最近こういうアニメを見ていました。
放課後ていぼう日誌。
海辺の町にある高校の、風変わりな部活「ていぼう部」が舞台のお話。
この部の活動内容は、主に堤防からの釣りを楽しむこと、釣った魚をおいしく食べること。
ジャンルとしては「女子高生の日常系アニメ」といったところですが、「釣り」の扱いは至って真面目に丁寧で、勉強になることも多くて楽しく全話見終えました。
「つり人」という専門雑誌のサイトでも取り上げられたりしています。
釣りをする人にもしない人にも面白いアニメでした。Amazonプライムビデオでも見られます。
さて。
「釣った魚を美味しく食べる」という場面では、「魚屋の娘」という設定の先輩が魚の下処理から料理まで教えてくれたりします。釣りたての魚を食べるシーンはとってもおいしそう。
しかし、彼女らは高校生なので当然飲み物は麦茶とかそんなんもんです。
「いや、そこはビールでしょう」と大人心に身もだえしながら見ていたところ、半分ぐらい進んだところで顧問の先生(20代後半の女性)が登場、部室にビールを持ち込みます。
「そりゃビールが欲しいよね、そこは!」とわたしなどは最大限共感していたのですが、生徒達はのっけから迷惑そうな様子。
あらあら?と思っていたら、先生、飲み始めてしばらくするとご機嫌を通り越して周囲に絡み始めてしまいました。
そう、この先生は「酒癖が悪い」という設定のキャラクターだったのです。
それ以降、先生は何度も登場しますが、毎回「ビールは禁止」「絶対お酒飲まないって約束するなら来ても良い」などと生徒達から散々釘を刺され、疎まれます。
そりゃ、絡み酒なんて普通に迷惑ですからね。
でも、それを見て思ったのです。
なんでこの人もっと行儀良く飲めないんだろうか、と。
もし行儀良く飲める人ならこんなに生徒達からも嫌がられず、魚もお酒ももっと楽しめるだろうに、もったいない……。
そして「また”お酒=悪”って考える人が増えてしまうな」と残念な気持ちになりました。
ま、そもそも部室で顧問が飲酒すること自体容認できないという意見の方が多いでしょうけど。
わたしはお酒が好きなので、釣りたての魚を食べるって時にビールを持って行きたい気持ちはよくわかるし、個人的には、フィクションだし、たまになら固いこと言わなくてもいいかな、というぐらいの感じですが、このアニメの視聴者層には、飲酒に対するネガティブなイメージがすでに共有されているのかもしれないし、このエピソードによってそのイメージがまた強化されるんだろうなと思いました。

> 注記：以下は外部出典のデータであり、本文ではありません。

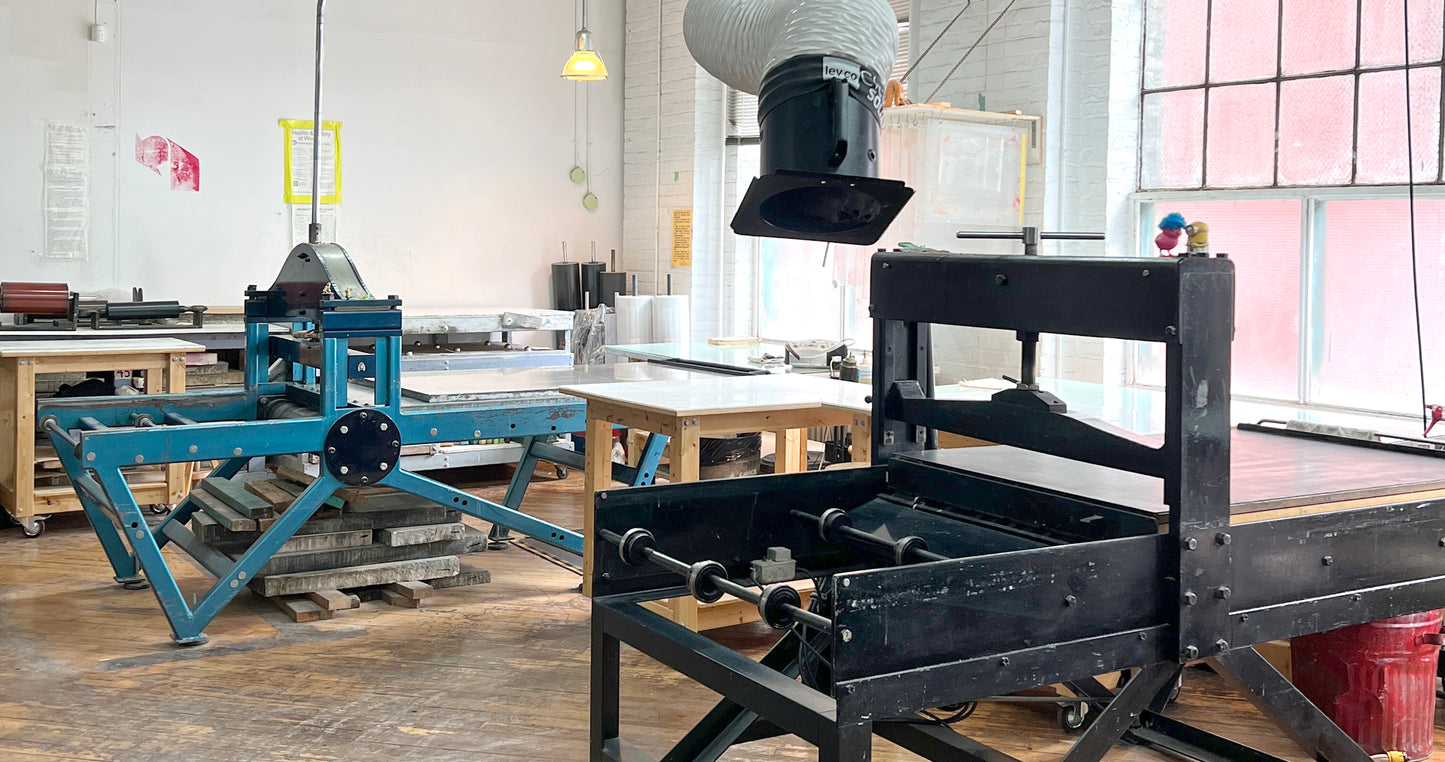 Fall 2023 Stone Lithography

思えば、最近は昔に比べて「お酒を飲む」ということが若い人たちにとって身近なものではなくなってきていますね。
親戚で集まって酒を飲むみたいなのも近年は減ってきてますし、ここへきてコロナ禍でしょ。「夜の街クラスタ」なんて言葉もできてますますお酒を飲む機会は減りました。
昔は、強い弱いに関係なく宴席ではお酒が提供されるのは当たり前で、勧められれば断らないのがマナーぐらいの感じだったので、成人すれば多くの人が半ば義務のようにお酒を覚えようとしましたが、最近は「好きな人だけ飲めば良い」「強要するのはよくない」という認識が一般的になりました。
飲酒運転の害悪がきちんと認識されて罰則が厳しくなったのもそうですし、最近はアルコール依存症の問題も一般的に知られるようになってきて、その辺の知識がしっかりすればするほど、まともな人は「お酒なんか飲んでも良いことなさそうだな」って考えちゃうと思うんですよね。
お酒を強要されないこと、危険性がきちんと認識されること、それ自体はとても良いことだと思います。
わたしも、やっぱりお酒には怖い面があると思いますから。
でも、こういう世の中がどんどん進んで、
お酒をつくること、
お酒に合う食べものをつくること、
お酒を飲む場所を提供すること、
といったお酒にまつわる文化がまるごと衰退してしまったら、お酒が好きなわたしはちょっと寂しいなあとも思ってしまうのです。
楽しくマナー良くお酒が飲める「カッコいい大人」な先生像をアニメの中で描くことはもう難しいのでしょうか。
そんな世の中に既になってしまったのだとしたら、お酒も最終的には煙草と同じような末路かもと思いました。